= TASK STATEMENT =
Word for word, repeat each line of the listing below.

= EXERCISE MATERIALS =
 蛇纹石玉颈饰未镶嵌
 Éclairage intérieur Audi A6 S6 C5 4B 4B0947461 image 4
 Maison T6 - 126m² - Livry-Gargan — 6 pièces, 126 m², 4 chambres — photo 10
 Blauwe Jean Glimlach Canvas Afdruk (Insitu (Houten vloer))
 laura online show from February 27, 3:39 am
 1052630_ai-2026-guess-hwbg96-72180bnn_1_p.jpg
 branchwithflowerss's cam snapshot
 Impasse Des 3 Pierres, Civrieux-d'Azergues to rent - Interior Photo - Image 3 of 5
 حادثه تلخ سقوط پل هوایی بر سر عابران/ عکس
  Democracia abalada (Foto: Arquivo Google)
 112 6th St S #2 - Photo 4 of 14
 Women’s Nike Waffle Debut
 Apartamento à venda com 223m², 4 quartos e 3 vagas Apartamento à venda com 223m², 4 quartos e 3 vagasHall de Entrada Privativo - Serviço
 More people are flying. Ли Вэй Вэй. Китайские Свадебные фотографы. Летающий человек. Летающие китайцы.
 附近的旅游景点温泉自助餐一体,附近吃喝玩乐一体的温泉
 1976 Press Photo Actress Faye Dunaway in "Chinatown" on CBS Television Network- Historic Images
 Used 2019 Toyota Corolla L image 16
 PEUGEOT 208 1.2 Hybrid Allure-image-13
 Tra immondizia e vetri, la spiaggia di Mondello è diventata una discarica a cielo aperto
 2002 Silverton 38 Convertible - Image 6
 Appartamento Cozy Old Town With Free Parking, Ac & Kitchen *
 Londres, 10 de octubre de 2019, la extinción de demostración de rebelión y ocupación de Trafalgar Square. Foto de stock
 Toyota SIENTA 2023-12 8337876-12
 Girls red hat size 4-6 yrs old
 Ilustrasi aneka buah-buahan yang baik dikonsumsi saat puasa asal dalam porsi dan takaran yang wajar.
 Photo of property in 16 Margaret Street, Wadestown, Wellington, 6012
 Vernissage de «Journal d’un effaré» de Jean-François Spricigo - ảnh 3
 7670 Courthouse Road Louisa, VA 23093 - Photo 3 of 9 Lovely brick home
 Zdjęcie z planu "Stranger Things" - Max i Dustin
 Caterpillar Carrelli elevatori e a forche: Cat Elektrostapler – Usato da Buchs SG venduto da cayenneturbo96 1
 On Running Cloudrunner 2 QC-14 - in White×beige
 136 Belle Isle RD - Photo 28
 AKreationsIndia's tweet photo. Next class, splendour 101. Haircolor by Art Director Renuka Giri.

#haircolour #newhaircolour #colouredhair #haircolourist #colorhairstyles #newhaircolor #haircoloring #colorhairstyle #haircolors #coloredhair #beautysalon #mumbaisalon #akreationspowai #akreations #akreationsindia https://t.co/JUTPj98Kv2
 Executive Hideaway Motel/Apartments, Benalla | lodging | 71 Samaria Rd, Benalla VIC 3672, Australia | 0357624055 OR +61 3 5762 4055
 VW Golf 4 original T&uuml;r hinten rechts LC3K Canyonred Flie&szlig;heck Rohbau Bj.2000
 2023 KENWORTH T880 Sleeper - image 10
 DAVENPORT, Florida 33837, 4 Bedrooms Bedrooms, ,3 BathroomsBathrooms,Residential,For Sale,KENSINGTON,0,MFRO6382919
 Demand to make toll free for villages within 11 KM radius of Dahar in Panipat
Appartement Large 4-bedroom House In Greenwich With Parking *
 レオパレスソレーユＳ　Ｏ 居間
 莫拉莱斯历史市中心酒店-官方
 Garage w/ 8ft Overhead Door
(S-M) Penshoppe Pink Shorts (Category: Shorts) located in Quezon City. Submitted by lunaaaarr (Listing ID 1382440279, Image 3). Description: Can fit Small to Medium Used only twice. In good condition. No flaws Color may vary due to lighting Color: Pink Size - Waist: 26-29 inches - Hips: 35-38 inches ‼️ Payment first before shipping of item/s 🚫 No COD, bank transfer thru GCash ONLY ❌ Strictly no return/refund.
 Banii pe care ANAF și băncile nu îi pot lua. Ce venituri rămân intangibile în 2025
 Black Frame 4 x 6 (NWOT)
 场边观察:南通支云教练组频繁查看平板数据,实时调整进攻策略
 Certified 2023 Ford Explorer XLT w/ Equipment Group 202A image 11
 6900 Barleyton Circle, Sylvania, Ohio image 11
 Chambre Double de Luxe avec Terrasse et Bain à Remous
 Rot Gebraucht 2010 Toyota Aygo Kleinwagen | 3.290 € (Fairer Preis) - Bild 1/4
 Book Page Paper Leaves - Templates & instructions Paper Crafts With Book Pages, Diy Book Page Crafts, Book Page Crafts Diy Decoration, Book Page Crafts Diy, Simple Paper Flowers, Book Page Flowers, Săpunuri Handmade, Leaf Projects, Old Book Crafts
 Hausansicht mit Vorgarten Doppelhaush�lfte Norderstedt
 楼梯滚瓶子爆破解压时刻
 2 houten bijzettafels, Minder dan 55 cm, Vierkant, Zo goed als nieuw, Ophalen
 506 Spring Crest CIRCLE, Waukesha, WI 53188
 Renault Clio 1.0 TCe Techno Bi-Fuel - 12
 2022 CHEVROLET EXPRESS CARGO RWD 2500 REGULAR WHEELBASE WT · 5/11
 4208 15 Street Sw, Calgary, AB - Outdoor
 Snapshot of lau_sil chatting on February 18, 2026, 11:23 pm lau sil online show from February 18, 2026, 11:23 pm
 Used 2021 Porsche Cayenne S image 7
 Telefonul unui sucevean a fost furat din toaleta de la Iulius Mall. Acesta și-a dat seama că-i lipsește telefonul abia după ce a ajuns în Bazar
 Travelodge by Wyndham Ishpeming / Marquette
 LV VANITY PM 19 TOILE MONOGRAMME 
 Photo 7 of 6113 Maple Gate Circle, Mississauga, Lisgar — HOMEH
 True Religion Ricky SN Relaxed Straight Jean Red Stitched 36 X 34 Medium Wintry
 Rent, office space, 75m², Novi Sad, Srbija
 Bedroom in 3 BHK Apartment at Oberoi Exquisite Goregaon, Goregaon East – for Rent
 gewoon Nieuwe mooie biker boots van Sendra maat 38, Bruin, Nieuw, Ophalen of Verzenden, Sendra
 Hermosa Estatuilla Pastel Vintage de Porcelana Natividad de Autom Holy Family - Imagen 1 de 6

= RESULT =
 蛇纹石玉颈饰未镶嵌
 Éclairage intérieur Audi A6 S6 C5 4B 4B0947461 image 4
 Maison T6 - 126m² - Livry-Gargan — 6 pièces, 126 m², 4 chambres — photo 10
 Blauwe Jean Glimlach Canvas Afdruk (Insitu (Houten vloer))
 laura online show from February 27, 3:39 am
 1052630_ai-2026-guess-hwbg96-72180bnn_1_p.jpg
 branchwithflowerss's cam snapshot
 Impasse Des 3 Pierres, Civrieux-d'Azergues to rent - Interior Photo - Image 3 of 5
 حادثه تلخ سقوط پل هوایی بر سر عابران/ عکس
  Democracia abalada (Foto: Arquivo Google)
 112 6th St S #2 - Photo 4 of 14
 Women’s Nike Waffle Debut
 Apartamento à venda com 223m², 4 quartos e 3 vagas Apartamento à venda com 223m², 4 quartos e 3 vagasHall de Entrada Privativo - Serviço
 More people are flying. Ли Вэй Вэй. Китайские Свадебные фотографы. Летающий человек. Летающие китайцы.
 附近的旅游景点温泉自助餐一体,附近吃喝玩乐一体的温泉
 1976 Press Photo Actress Faye Dunaway in "Chinatown" on CBS Television Network- Historic Images
 Used 2019 Toyota Corolla L image 16
 PEUGEOT 208 1.2 Hybrid Allure-image-13
 Tra immondizia e vetri, la spiaggia di Mondello è diventata una discarica a cielo aperto
 2002 Silverton 38 Convertible - Image 6
 Appartamento Cozy Old Town With Free Parking, Ac & Kitchen *
 Londres, 10 de octubre de 2019, la extinción de demostración de rebelión y ocupación de Trafalgar Square. Foto de stock
 Toyota SIENTA 2023-12 8337876-12
 Girls red hat size 4-6 yrs old
 Ilustrasi aneka buah-buahan yang baik dikonsumsi saat puasa asal dalam porsi dan takaran yang wajar.
 Photo of property in 16 Margaret Street, Wadestown, Wellington, 6012
 Vernissage de «Journal d’un effaré» de Jean-François Spricigo - ảnh 3
 7670 Courthouse Road Louisa, VA 23093 - Photo 3 of 9 Lovely brick home
 Zdjęcie z planu "Stranger Things" - Max i Dustin
 Caterpillar Carrelli elevatori e a forche: Cat Elektrostapler – Usato da Buchs SG venduto da cayenneturbo96 1
 On Running Cloudrunner 2 QC-14 - in White×beige
 136 Belle Isle RD - Photo 28
 AKreationsIndia's tweet photo. Next class, splendour 101. Haircolor by Art Director Renuka Giri.

#haircolour #newhaircolour #colouredhair #haircolourist #colorhairstyles #newhaircolor #haircoloring #colorhairstyle #haircolors #coloredhair #beautysalon #mumbaisalon #akreationspowai #akreations #akreationsindia https://t.co/JUTPj98Kv2
 Executive Hideaway Motel/Apartments, Benalla | lodging | 71 Samaria Rd, Benalla VIC 3672, Australia | 0357624055 OR +61 3 5762 4055
 VW Golf 4 original T&uuml;r hinten rechts LC3K Canyonred Flie&szlig;heck Rohbau Bj.2000
 2023 KENWORTH T880 Sleeper - image 10
 DAVENPORT, Florida 33837, 4 Bedrooms Bedrooms, ,3 BathroomsBathrooms,Residential,For Sale,KENSINGTON,0,MFRO6382919
 Demand to make toll free for villages within 11 KM radius of Dahar in Panipat
Appartement Large 4-bedroom House In Greenwich With Parking *
 レオパレスソレーユＳ　Ｏ 居間
 莫拉莱斯历史市中心酒店-官方
 Garage w/ 8ft Overhead Door
(S-M) Penshoppe Pink Shorts (Category: Shorts) located in Quezon City. Submitted by lunaaaarr (Listing ID 1382440279, Image 3). Description: Can fit Small to Medium Used only twice. In good condition. No flaws Color may vary due to lighting Color: Pink Size - Waist: 26-29 inches - Hips: 35-38 inches ‼️ Payment first before shipping of item/s 🚫 No COD, bank transfer thru GCash ONLY ❌ Strictly no return/refund.
 Banii pe care ANAF și băncile nu îi pot lua. Ce venituri rămân intangibile în 2025
 Black Frame 4 x 6 (NWOT)
 场边观察:南通支云教练组频繁查看平板数据,实时调整进攻策略
 Certified 2023 Ford Explorer XLT w/ Equipment Group 202A image 11
 6900 Barleyton Circle, Sylvania, Ohio image 11
 Chambre Double de Luxe avec Terrasse et Bain à Remous
 Rot Gebraucht 2010 Toyota Aygo Kleinwagen | 3.290 € (Fairer Preis) - Bild 1/4
 Book Page Paper Leaves - Templates & instructions Paper Crafts With Book Pages, Diy Book Page Crafts, Book Page Crafts Diy Decoration, Book Page Crafts Diy, Simple Paper Flowers, Book Page Flowers, Săpunuri Handmade, Leaf Projects, Old Book Crafts
 Hausansicht mit Vorgarten Doppelhaush�lfte Norderstedt
 楼梯滚瓶子爆破解压时刻
 2 houten bijzettafels, Minder dan 55 cm, Vierkant, Zo goed als nieuw, Ophalen
 506 Spring Crest CIRCLE, Waukesha, WI 53188
 Renault Clio 1.0 TCe Techno Bi-Fuel - 12
 2022 CHEVROLET EXPRESS CARGO RWD 2500 REGULAR WHEELBASE WT · 5/11
 4208 15 Street Sw, Calgary, AB - Outdoor
 Snapshot of lau_sil chatting on February 18, 2026, 11:23 pm lau sil online show from February 18, 2026, 11:23 pm
 Used 2021 Porsche Cayenne S image 7
 Telefonul unui sucevean a fost furat din toaleta de la Iulius Mall. Acesta și-a dat seama că-i lipsește telefonul abia după ce a ajuns în Bazar
 Travelodge by Wyndham Ishpeming / Marquette
 LV VANITY PM 19 TOILE MONOGRAMME 
 Photo 7 of 6113 Maple Gate Circle, Mississauga, Lisgar — HOMEH
 True Religion Ricky SN Relaxed Straight Jean Red Stitched 36 X 34 Medium Wintry
 Rent, office space, 75m², Novi Sad, Srbija
 Bedroom in 3 BHK Apartment at Oberoi Exquisite Goregaon, Goregaon East – for Rent
 gewoon Nieuwe mooie biker boots van Sendra maat 38, Bruin, Nieuw, Ophalen of Verzenden, Sendra
 Hermosa Estatuilla Pastel Vintage de Porcelana Natividad de Autom Holy Family - Imagen 1 de 6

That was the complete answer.